TTFT is dominated by prefill - processing the prompt and history before the first token. GPU-only TTFT climbs from 189 ms to 752 ms as load grows, because evicted context is recomputed. ADP fetches that context from NVMe instead, so TTFT stays in the 66-189 ms band. This gap is the recompute being avoided.
TPOT reflects decode efficiency, which degrades as VRAM contention forces smaller effective batches. Freeing VRAM lets the scheduler keep more sequences resident, so ADP's TPOT rises slowly and only reaches the 50 ms SLA at 128 clients, versus 32 for GPU-only - a 4× shift in the sustainable operating point.
With context held outside VRAM, more concurrent sequences fit and the GPU stays compute-utilized. Throughput therefore keeps climbing where GPU-only plateaus, reaching 16.31 vs 5.33 req/s at peak. The curve doesn't bend up by magic - it bends because the memory ceiling was removed.
During the run the cache tier was genuinely exercised: the pool grew by +92.2 GB and 703,576 context objects were written and served back. These are real I/O counters, not a modeling assumption - direct evidence that gains come from offloaded-and-reused context.
For short, stateless requests with no accumulating history, GPU-only can show higher peak throughput, because there is nothing to cache and the offload path adds slight overhead. This is exactly what the mechanism predicts: no reusable context means no benefit. ADP's advantage is specific to long, multi-turn, context-heavy workloads - the real shape of assistant and chatbot traffic. We state this plainly so reviewers can see the results are bounded and not cherry-picked.

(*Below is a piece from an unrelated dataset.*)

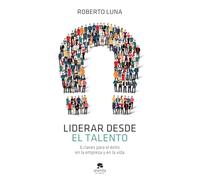 Liderar desde el talento: 6 claves para el éxito en la empresa y en la vida (Alienta)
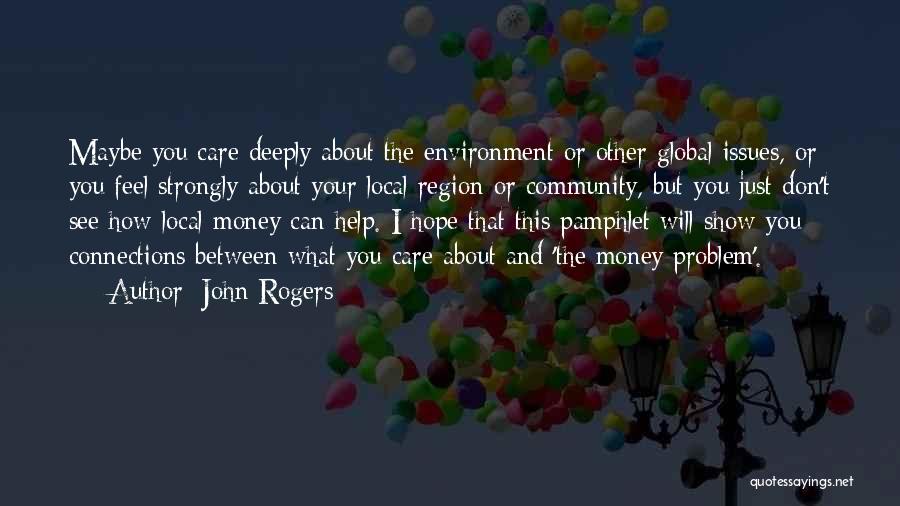 John Rogers Quotes: Maybe You Care Deeply About The Environment Or Other Global Issues, Or You Feel Strongly About Your Local Region Or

The same signature appears in a long-dialog test on a separate model: with six turns per conversation and ~5,500 tokens of context, the advantage grows with dialog length. By the sixth turn at 72 concurrent dialogs, end-to-end response time is 40.0 s with ADP versus 68.4 s GPU-only - divergence that widens exactly as accumulated context grows, which is what KV reuse should produce.

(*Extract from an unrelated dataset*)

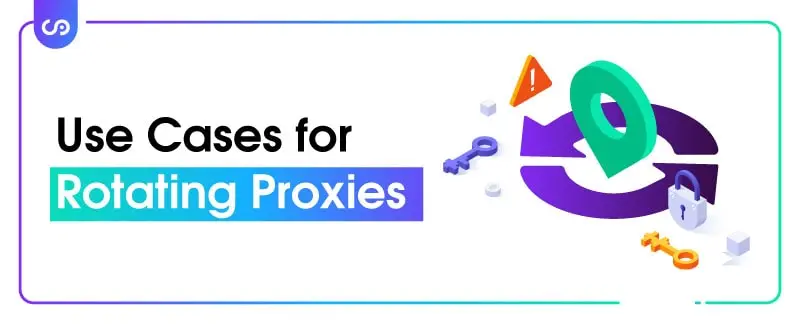 Use Cases for Rotating Proxies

Concurrent dialogs on X. Lower is better - ADP responds ~41% faster at 72 dialogs.
Higher is better - +68% requests/second at 72 dialogs, zero errors.
To hold 64 clients under the latency SLA, bare GPUs need twice the servers. ADP serves the same workload from one server - and both sides win: engineering gets stable latency, finance gets lower cost.

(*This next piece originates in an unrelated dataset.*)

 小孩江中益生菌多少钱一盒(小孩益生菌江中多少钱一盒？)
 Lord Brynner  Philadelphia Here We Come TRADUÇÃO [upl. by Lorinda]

| Resource | GPU-only | GPU + ADP | Saving |
|---|---|---|---|
| AI servers | 2 | 1 | 50% |
| GPUs | 16 | 8 | 8 GPUs |
| Rack space | 14U | 7U | 7U |
| Power | 20-24 kW | 10-12 kW | ≈50% |
| Cooling | 100% | 50% | ≈50% |
| Infrastructure cost | $1.0M | $0.5M | $500K |
This section gives a technical specialist the exact conditions, metric definitions and instrumentation needed to validate the claims independently.
The same workload runs on fewer GPU servers, at higher rack density, lower power draw and predictable latency at scale - a result that holds up to technical scrutiny because it follows directly from where the KV cache lives.